• _DATA EXCERPT_:
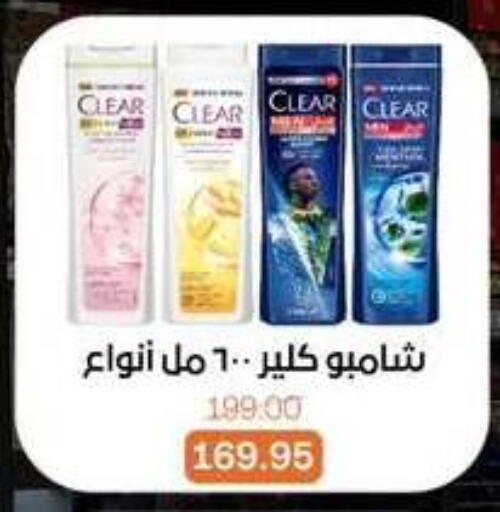 available at بيت الجملة in Egypt - القاهرة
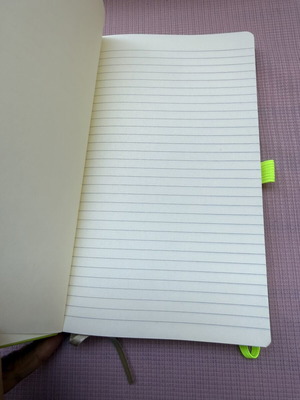 Lined notebook with cover defect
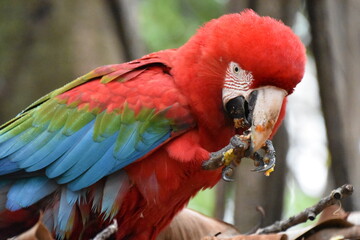 Red and green Macaw eating seeds outdoors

• _REQUIRED WORK_: Give the data again exactly as written, with all pictures left out.

• _WRITTEN SOLUTION_:
 available at بيت الجملة in Egypt - القاهرة
 Lined notebook with cover defect
 Red and green Macaw eating seeds outdoors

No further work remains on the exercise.